08-跳台阶
一只青蛙一次可以跳上1级台阶,也可以跳上2级。求该青蛙跳上一个n级的台阶总共有多少种跳法(先后次序不同算不同的结果)。
超级简单的动态规划问题。设dp[i]为跳上第i级的跳法。那么有:
dp[i] = dp[i-1] + dp[i-2]。
讨论区说是斐波那契数列,确实是。不过斐波那契数列可以看作动态规划的一个特例,用斐波那契数列来想可能能减小空间复杂度(虽然通过动态规划优化也可以)。
def jumpFloor(self, number):
dp = [0] * (number+1)
dp[0], dp[1] = 1, 1
for i in range(2, number+1):
dp[i] = dp[i-1] + dp[i-2]
return dp[-1]
class Solution {
public:
int jumpFloor(int number) {
int dp[number+1];
dp[0] = 1;
dp[1] = 1;
for (int i = 2; i <= number; ++i) {
dp[i] = dp[i-1] + dp[i-2];
}
return dp[number];
}
};
09-变态跳台阶
一只青蛙一次可以跳上1级台阶,也可以跳上2级……它也可以跳上n级。求该青蛙跳上一个n级的台阶总共有多少种跳法。

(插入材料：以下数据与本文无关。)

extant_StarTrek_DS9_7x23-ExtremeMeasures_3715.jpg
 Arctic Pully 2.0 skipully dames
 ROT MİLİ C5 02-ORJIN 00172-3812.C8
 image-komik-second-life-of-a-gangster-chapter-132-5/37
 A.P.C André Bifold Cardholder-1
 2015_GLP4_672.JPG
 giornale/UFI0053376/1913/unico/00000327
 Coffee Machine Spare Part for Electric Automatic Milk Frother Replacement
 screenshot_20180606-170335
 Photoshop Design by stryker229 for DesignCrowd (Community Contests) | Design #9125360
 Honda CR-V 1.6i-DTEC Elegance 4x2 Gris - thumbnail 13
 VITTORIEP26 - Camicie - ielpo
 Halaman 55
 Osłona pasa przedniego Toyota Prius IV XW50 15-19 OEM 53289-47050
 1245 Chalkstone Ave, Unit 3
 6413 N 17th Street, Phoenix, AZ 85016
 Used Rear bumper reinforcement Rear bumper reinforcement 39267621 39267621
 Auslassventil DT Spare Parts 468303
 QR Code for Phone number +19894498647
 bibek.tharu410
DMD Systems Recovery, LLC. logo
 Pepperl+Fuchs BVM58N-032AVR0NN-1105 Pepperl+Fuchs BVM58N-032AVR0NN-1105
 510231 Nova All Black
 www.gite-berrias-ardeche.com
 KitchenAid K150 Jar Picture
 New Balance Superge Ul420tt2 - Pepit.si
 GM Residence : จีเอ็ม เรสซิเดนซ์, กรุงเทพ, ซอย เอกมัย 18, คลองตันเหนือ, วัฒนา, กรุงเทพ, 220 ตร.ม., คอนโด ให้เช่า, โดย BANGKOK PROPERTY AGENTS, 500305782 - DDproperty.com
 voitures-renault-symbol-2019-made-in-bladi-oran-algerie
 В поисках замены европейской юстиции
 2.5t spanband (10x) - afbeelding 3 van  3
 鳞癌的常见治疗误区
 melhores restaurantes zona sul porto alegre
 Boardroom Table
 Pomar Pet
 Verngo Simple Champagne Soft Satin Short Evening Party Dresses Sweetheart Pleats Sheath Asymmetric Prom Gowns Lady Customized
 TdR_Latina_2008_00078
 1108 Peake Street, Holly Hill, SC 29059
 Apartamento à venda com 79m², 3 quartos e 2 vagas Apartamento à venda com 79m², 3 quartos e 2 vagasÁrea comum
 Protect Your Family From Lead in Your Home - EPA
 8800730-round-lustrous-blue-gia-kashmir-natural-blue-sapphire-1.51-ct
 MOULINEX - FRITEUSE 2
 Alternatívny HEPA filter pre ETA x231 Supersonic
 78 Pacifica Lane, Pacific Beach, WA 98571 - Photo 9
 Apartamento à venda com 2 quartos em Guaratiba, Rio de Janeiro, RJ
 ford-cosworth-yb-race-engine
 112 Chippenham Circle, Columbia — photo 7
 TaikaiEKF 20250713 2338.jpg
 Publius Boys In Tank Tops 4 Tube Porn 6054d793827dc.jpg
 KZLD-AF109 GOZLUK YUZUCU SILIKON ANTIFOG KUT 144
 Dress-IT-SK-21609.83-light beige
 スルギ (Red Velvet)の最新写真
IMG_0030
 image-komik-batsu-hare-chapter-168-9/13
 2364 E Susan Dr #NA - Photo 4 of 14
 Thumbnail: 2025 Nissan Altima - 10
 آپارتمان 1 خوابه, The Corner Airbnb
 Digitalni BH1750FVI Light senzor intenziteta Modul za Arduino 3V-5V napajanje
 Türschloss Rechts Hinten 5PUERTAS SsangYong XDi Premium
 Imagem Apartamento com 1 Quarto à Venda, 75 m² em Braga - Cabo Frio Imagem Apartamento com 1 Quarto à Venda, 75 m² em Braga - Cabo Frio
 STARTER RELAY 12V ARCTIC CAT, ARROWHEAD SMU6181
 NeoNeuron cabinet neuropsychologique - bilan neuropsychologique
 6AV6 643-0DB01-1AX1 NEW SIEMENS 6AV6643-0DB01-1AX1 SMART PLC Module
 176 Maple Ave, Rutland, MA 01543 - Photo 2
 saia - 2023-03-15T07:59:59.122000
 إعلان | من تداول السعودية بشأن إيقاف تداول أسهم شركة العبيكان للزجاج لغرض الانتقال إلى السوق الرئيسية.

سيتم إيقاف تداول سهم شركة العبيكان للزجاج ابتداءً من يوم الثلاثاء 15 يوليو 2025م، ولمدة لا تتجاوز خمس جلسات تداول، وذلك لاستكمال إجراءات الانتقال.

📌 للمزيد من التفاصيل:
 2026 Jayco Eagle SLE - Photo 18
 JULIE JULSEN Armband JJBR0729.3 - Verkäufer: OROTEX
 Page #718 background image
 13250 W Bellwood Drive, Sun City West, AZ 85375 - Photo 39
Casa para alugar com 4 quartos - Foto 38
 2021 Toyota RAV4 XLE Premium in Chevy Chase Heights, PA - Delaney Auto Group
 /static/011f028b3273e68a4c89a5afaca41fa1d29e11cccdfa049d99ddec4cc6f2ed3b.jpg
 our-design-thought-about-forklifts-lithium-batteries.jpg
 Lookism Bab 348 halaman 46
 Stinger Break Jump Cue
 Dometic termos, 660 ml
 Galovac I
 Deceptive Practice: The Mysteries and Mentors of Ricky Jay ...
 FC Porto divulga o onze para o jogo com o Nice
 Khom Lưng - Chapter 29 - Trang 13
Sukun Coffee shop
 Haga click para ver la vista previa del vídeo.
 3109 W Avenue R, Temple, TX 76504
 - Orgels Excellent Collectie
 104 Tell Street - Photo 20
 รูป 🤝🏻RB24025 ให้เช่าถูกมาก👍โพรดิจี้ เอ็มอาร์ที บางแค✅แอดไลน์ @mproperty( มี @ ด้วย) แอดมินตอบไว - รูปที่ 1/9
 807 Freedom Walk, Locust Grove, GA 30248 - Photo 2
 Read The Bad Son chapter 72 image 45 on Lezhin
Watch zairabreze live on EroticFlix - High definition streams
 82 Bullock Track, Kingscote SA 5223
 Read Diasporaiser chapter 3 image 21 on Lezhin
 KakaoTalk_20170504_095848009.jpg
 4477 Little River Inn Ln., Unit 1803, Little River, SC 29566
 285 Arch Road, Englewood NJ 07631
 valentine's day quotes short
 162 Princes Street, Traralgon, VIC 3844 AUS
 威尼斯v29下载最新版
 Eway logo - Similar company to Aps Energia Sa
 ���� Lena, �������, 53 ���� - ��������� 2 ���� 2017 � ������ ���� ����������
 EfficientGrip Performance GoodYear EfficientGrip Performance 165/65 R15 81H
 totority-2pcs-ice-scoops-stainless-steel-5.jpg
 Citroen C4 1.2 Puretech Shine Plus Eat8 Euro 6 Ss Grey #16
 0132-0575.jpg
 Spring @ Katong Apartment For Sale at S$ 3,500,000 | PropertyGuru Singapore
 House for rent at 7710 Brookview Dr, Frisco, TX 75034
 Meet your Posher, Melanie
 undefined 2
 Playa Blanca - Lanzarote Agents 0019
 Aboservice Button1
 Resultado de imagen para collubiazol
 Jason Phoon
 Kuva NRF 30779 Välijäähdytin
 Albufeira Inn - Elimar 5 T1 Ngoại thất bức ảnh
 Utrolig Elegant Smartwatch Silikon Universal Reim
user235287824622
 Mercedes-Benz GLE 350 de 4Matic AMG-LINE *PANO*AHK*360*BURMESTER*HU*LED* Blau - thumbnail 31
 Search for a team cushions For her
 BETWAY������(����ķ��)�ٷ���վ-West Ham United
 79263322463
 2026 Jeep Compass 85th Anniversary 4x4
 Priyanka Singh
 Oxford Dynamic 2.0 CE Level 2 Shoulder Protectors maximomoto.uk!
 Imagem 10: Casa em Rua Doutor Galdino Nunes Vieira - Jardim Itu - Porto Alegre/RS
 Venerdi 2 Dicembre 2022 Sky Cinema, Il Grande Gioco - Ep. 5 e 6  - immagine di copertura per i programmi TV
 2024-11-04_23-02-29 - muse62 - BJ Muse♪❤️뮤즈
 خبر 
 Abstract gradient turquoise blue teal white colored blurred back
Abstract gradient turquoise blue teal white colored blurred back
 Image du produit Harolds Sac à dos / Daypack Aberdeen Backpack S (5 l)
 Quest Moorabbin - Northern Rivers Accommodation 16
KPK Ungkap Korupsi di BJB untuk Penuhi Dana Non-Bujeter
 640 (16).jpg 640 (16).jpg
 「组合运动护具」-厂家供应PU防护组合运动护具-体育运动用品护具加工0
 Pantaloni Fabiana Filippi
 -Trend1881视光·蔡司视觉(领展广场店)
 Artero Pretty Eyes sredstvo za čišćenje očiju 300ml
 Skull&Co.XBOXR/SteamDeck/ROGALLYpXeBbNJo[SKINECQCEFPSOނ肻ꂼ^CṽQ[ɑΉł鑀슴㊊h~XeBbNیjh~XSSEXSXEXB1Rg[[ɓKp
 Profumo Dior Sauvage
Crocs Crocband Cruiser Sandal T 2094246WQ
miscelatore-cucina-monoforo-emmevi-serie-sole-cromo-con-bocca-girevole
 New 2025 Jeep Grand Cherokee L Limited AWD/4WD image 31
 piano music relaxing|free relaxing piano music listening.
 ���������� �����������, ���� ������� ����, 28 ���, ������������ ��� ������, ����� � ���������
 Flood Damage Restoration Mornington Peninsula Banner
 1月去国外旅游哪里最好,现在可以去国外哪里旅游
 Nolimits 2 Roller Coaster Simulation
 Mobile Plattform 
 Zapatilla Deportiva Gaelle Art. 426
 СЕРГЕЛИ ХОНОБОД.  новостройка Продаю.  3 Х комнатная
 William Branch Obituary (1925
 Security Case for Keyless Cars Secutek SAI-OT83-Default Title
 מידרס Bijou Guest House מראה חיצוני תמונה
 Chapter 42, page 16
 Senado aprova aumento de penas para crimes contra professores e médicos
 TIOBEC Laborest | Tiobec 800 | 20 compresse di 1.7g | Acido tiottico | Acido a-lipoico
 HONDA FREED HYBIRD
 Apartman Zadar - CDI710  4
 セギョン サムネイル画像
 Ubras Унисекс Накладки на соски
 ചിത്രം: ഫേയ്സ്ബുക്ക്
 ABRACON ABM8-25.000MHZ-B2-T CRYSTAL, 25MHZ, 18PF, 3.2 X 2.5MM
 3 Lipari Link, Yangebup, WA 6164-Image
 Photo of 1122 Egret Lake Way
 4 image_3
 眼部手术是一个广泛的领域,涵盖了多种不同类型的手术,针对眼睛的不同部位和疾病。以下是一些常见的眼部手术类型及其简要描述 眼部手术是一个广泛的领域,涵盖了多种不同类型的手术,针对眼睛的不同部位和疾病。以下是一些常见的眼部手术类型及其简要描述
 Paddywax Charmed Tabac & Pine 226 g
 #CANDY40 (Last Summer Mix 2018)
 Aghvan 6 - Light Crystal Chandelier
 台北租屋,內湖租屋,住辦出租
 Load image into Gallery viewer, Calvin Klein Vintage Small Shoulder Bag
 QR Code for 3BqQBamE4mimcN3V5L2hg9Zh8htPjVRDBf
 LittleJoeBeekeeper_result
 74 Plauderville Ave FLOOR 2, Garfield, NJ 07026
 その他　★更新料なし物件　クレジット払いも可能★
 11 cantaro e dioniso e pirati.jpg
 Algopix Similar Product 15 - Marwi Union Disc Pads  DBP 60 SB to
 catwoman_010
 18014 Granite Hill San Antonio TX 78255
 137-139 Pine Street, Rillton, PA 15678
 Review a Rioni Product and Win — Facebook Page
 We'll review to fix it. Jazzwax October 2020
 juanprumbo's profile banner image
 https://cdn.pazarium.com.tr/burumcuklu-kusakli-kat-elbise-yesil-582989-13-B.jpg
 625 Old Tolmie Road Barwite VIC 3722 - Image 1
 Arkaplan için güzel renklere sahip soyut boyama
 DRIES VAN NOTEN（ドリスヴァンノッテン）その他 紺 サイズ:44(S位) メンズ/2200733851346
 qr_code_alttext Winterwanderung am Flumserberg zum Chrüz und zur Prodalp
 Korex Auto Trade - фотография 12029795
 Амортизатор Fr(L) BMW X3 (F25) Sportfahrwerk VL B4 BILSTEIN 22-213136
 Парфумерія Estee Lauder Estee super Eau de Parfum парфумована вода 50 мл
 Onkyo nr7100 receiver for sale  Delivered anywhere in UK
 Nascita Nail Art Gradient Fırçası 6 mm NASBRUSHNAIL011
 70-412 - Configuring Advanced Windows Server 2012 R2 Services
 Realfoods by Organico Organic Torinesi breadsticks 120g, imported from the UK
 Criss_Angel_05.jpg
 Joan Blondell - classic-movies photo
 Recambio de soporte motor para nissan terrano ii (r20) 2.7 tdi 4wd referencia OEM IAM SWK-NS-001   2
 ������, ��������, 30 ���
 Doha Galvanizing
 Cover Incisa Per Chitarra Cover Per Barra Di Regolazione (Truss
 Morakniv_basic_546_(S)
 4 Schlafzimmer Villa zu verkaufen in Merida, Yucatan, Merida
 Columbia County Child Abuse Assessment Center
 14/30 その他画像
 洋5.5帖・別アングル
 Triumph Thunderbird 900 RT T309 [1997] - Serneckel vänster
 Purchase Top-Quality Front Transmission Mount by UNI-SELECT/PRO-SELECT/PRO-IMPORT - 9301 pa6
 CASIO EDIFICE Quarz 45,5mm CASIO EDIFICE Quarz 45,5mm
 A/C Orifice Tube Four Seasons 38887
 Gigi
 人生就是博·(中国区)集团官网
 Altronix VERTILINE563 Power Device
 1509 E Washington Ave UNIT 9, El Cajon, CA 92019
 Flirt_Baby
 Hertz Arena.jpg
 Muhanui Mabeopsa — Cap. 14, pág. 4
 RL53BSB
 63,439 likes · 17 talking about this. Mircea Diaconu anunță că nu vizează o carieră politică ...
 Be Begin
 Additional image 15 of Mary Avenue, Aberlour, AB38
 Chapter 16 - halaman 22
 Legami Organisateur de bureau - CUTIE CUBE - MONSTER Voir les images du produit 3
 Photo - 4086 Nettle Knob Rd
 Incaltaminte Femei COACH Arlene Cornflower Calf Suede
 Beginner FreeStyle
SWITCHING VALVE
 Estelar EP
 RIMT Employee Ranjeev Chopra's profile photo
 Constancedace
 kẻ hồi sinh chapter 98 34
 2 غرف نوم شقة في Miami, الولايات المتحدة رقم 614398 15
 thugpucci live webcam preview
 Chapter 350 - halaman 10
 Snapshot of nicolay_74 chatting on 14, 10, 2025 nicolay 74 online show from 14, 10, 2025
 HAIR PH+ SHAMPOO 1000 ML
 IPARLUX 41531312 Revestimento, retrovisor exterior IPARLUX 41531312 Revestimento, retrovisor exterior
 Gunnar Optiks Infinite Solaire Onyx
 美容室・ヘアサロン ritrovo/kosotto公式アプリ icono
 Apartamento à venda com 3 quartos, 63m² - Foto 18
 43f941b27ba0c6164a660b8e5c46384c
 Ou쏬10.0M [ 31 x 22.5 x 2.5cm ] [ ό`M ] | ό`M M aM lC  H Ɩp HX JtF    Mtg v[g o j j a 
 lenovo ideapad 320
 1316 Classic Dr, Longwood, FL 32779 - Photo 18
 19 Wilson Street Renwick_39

这题是上一题的延伸。既然青蛙可以跳任意级台阶,那么dp[i]就变成了:
dp[i] = dp[0] + dp[1] + ... + dp[i-1]。
def jumpFloorII(self, number):
dp = [0] * (number+1)
dp[0], dp[1] = 1, 1
for i in range(2, number+1):
dp[i] = sum(dp[:i])
return dp[-1]
不过,由于
dp[i-1] = dp[0] + dp[1] + ... + dp[i-2] = dp[i] - dp[i-1],
所以dp[i] = 2 * dp[i-1],可以免去求和步骤。
def jumpFloorII(self, number):
dp = [0] * (number+1)
dp[0], dp[1] = 1, 1
for i in range(2, number+1):
dp[i] = 2 * dp[i-1]
return dp[-1]
class Solution {
public:
int jumpFloorII(int number) {
int dp[number+1];
dp[1] = 1;
for (int i = 2; i <= number; ++i) {
dp[i] = dp[i-1] * 2;
}
return dp[number];
}
};
10-矩形覆盖
我们可以用2*1的小矩形横着或者竖着去覆盖更大的矩形。请问用n个2*1的小矩形无重叠地覆盖一个2*n的大矩形,总共有多少种方法?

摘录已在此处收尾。